(Given data):
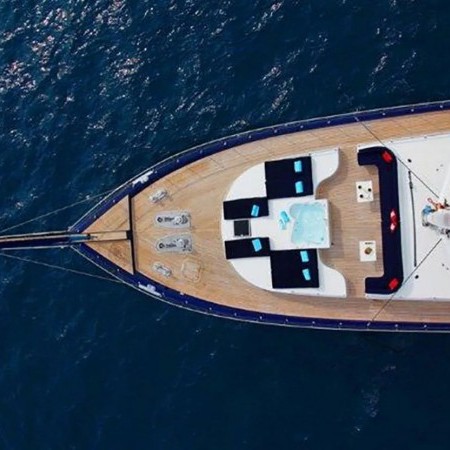 PERLA DEL MARE Sailing Yacht Charter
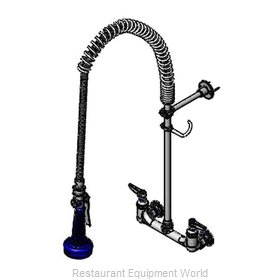 TS Brass B-0133-B08-SWV Pre-Rinse Faucet Assembly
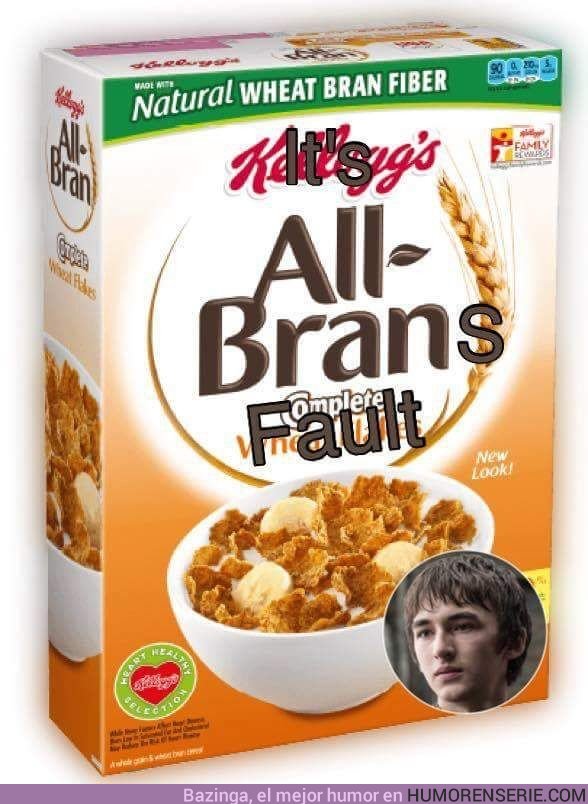 28253 - Todo es culpa de Bran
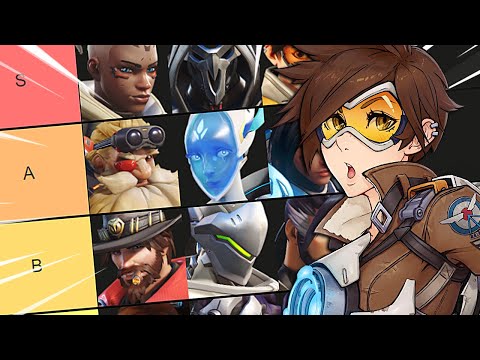 , title : 'Overwatch 2 - DAMAGE Tier List Before Season 2! 🤯'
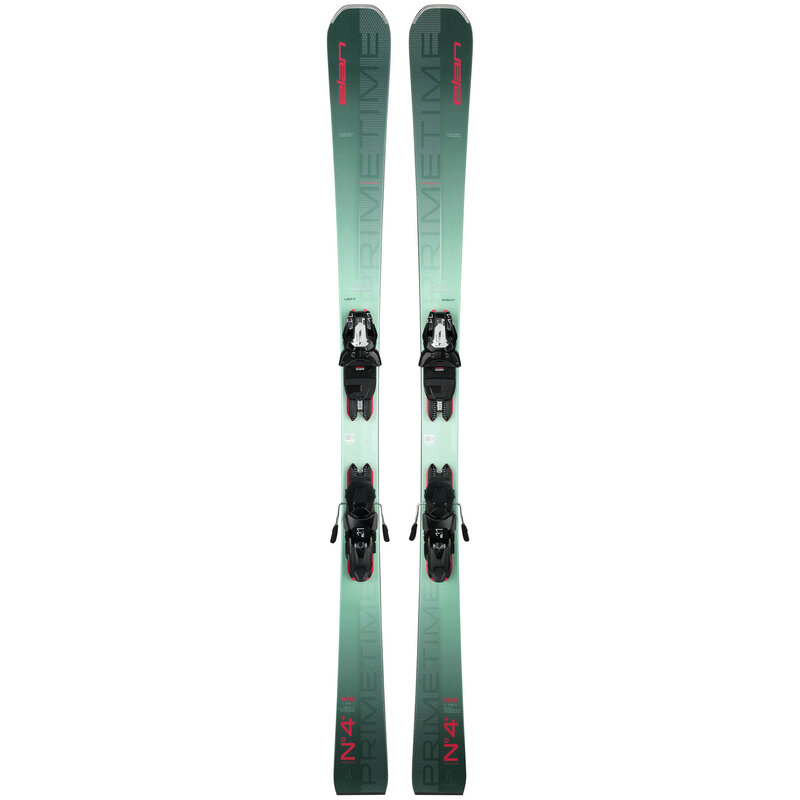 Elan Primetime N°4+ W PS Skis + ELX 11.0 Bindings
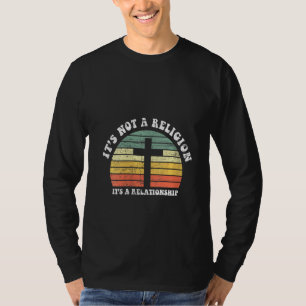 Kvinna Jesus dess inte religiösa förhållande T Shirt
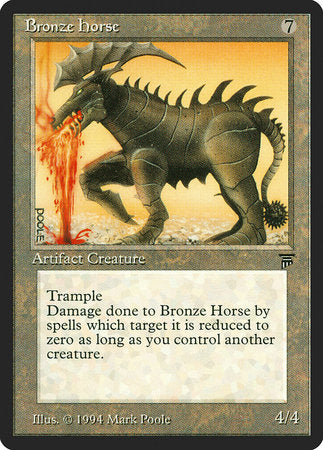 Bronze Horse [Legends] | Eastridge Sports Cards & Games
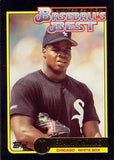 1992 Topps McDonald's Baseball's Best #25 Frank Thomas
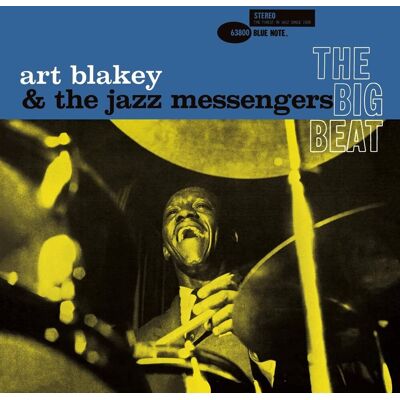 Fermata Blakey Art, Jazz Messengers: Big Beat Blue Note Classic Series - LP Fermata Blakey Art, Jazz Messengers: Big Beat Blue Note Classic Series - LP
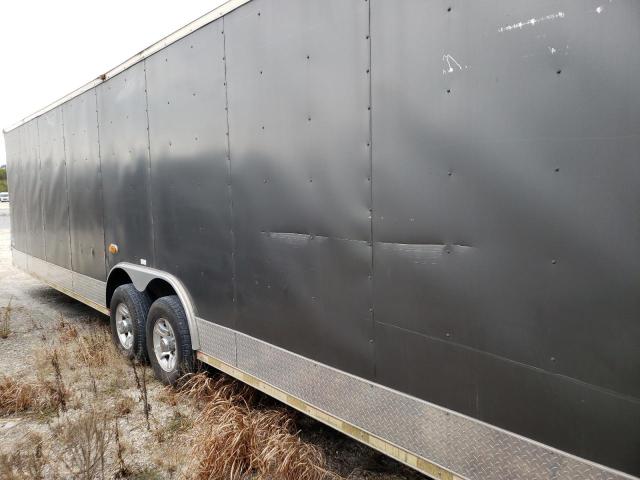 50Z1E2366GN001405 - 2016 CARGO TRAILER GRAY photo 3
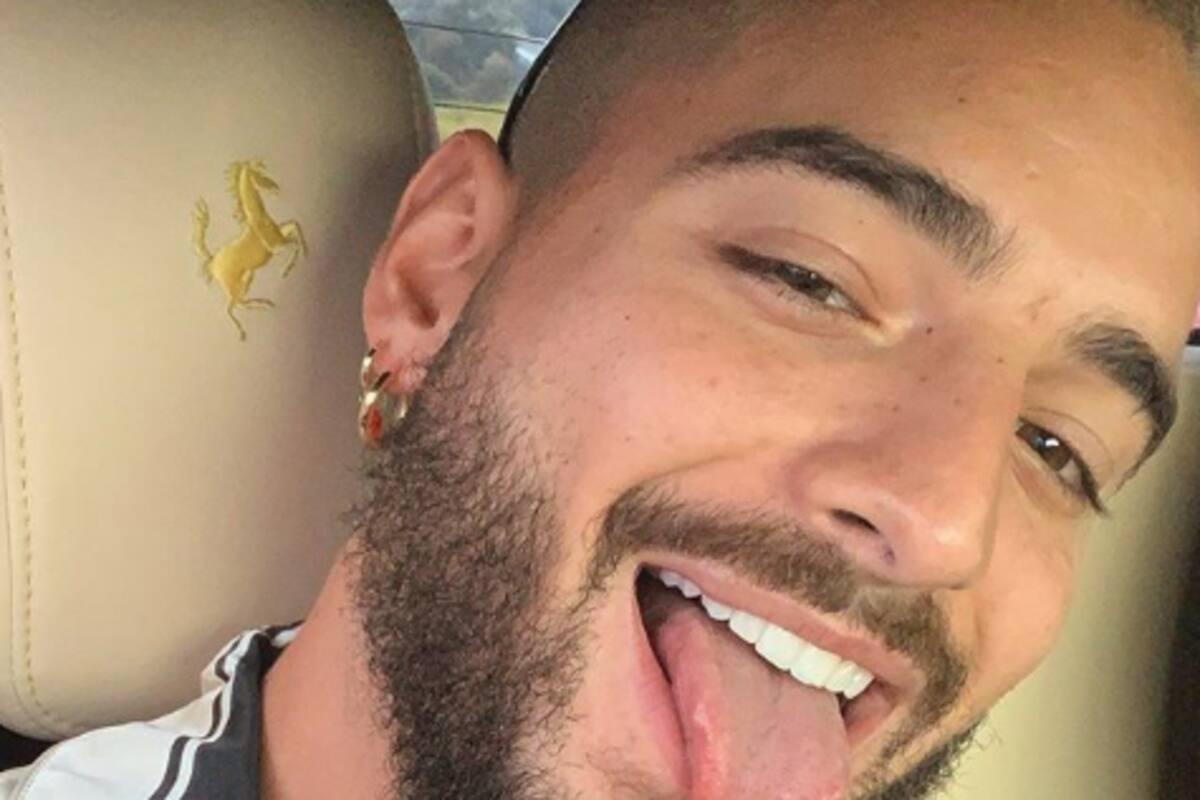 Maluma cerró una calle para comprar en CDMX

(Brief): Return the whole listing word for word, minus its pictures.

(Your solution):
 PERLA DEL MARE Sailing Yacht Charter
 TS Brass B-0133-B08-SWV Pre-Rinse Faucet Assembly
 28253 - Todo es culpa de Bran
 , title : 'Overwatch 2 - DAMAGE Tier List Before Season 2! 🤯'
 Elan Primetime N°4+ W PS Skis + ELX 11.0 Bindings
 Kvinna Jesus dess inte religiösa förhållande T Shirt
 Bronze Horse [Legends] | Eastridge Sports Cards & Games
 1992 Topps McDonald's Baseball's Best #25 Frank Thomas
 Fermata Blakey Art, Jazz Messengers: Big Beat Blue Note Classic Series - LP Fermata Blakey Art, Jazz Messengers: Big Beat Blue Note Classic Series - LP
 50Z1E2366GN001405 - 2016 CARGO TRAILER GRAY photo 3
 Maluma cerró una calle para comprar en CDMX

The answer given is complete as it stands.